A Tesla Semi electric truck could offer payback within a year and a half and save us ‘tens of thousands of dollars a year’, says DHL

By Fred Lambert, Elektrek, 23 Feb 2018 

The Tesla Semi specs are mesmerizing competitors and customers alike, but some are still skeptical about the company’s ability to deliver on them.

With this said, DHL, one of the largest logistics firms in the world, is on board and now expects that a Tesla Semi electric truck could save them ‘tens of thousands of dollars a year’.

In an interview with Reuters, Jim Monkmeyer, President of Transportation at DHL Supply Chain, made the comment today.

He added:

“We are estimating that we could have pay back within a year-and-a-half based on energy usage as well as lower maintenance cost,”

Even though Tesla Semi, which starts at $150,000, is more expensive than the average class 8 diesel truck, Tesla estimates the payback period is just two years because of the significantly more efficient electric powertrain.

Monkmeyer thinks DHL could start saving money even sooner when factoring their current maintenance costs:

“The maintenance savings can be enormous as well.
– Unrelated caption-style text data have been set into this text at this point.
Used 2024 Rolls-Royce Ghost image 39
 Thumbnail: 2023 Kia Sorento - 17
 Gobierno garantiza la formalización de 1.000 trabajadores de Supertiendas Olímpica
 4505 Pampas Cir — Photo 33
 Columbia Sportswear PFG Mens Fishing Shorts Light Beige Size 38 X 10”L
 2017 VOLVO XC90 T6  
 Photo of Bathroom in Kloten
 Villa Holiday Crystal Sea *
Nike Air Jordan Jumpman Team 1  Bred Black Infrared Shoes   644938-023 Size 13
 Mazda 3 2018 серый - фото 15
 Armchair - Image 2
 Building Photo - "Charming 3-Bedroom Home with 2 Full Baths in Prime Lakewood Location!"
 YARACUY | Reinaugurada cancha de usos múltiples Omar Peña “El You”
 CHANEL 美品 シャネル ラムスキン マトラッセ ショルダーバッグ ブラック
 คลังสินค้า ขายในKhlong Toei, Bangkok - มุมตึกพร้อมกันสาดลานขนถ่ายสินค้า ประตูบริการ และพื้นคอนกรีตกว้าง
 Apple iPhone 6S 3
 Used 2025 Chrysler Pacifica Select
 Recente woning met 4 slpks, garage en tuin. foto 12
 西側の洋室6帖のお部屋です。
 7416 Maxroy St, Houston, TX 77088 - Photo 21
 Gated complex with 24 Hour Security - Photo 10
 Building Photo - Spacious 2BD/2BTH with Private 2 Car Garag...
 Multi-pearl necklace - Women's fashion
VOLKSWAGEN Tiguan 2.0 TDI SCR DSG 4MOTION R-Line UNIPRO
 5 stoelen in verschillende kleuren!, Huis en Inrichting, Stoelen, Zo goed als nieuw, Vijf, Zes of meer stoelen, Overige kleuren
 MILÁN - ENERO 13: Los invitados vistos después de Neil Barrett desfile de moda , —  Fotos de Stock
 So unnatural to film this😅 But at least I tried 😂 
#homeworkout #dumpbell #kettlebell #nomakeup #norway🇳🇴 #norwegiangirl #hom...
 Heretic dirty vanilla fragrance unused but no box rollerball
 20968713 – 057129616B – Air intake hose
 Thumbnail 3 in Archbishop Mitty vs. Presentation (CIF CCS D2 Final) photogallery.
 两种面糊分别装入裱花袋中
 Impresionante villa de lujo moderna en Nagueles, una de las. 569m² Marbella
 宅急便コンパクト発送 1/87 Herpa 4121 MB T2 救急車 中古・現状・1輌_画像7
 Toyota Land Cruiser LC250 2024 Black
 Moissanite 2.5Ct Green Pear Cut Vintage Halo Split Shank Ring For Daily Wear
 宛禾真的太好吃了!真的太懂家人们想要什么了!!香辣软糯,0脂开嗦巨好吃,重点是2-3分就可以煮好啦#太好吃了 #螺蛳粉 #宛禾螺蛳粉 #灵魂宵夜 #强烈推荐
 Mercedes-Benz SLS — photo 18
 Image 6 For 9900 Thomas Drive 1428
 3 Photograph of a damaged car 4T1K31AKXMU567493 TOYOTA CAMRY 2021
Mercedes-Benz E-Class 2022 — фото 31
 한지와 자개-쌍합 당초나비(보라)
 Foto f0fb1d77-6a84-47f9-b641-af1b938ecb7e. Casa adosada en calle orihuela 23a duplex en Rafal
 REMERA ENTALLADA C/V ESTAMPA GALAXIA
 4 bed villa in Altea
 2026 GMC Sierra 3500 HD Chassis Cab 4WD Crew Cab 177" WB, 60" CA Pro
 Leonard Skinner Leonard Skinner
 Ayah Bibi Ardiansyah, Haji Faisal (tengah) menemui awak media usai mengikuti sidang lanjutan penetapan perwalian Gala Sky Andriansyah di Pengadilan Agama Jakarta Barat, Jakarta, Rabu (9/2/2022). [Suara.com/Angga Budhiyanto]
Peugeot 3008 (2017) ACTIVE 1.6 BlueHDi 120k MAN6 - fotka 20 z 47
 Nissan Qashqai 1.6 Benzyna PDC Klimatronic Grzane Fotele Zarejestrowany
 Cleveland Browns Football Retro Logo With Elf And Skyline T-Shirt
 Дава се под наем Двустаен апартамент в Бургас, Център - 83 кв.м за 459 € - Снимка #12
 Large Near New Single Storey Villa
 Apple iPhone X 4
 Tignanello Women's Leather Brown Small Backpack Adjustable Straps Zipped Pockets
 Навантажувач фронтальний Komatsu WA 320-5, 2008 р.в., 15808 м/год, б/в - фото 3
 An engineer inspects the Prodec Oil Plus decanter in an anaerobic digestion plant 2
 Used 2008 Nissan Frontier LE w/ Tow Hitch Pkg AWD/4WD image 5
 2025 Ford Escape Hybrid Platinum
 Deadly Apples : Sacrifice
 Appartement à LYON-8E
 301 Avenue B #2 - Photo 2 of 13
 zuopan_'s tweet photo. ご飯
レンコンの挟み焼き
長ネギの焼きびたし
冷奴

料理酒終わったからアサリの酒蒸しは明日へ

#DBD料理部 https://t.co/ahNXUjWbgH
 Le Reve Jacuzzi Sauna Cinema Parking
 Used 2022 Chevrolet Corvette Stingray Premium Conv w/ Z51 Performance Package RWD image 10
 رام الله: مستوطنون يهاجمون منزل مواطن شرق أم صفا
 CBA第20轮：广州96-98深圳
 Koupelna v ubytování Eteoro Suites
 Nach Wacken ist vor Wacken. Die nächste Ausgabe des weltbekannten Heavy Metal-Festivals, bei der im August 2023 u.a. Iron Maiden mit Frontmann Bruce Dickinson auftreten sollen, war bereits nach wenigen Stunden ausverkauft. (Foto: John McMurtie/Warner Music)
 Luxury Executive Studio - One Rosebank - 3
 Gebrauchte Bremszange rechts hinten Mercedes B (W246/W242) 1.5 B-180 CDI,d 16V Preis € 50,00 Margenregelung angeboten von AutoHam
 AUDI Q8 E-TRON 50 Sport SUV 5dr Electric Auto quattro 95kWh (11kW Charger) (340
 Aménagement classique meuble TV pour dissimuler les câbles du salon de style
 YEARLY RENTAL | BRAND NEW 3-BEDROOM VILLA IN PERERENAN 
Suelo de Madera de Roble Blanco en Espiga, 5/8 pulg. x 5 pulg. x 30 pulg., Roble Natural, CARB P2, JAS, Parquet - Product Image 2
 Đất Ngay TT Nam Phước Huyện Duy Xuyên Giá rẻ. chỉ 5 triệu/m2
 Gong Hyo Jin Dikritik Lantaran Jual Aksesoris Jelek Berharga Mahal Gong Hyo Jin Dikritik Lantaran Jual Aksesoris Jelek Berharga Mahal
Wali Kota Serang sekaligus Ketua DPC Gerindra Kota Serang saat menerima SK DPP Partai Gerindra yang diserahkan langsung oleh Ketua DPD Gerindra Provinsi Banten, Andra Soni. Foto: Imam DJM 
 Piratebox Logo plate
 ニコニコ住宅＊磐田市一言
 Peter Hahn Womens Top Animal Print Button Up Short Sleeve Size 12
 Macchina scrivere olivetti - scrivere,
Just because the engines are much simpler in terms of the number of parts and the complexities of the parts.”

Last year, DHL ordered Tesla Semi trucks, which they plan to use in a test program.

It’s the only class 8 electric truck that they are testing, but they have several electrification programs for other smaller trucks.

DHL announced that Ford won an important contract to build 2,500 of the bigger version of the all-electric van for the logistic company and they are also using Daimler’s FUSO eCanter electric truck.

Even though the company is clearly on board with electrification, Monkmeyer still has concerns when it comes to the charging infrastructure:

The biggest issue is going to be how is that grid provided and how is it supported and how quickly can we get a network out there for use nationwide, throughout North America, throughout the world. That’s a big question mark. So that to me would be one limiting factor.

Tesla is reportedly already in talks with electric truck customers to install ‘Megacharger’ stations at the locations where they plan to use the Tesla Semi.

The truck is planned to go into production next year and the company will have to time it with the deployment of the charging infrastructure.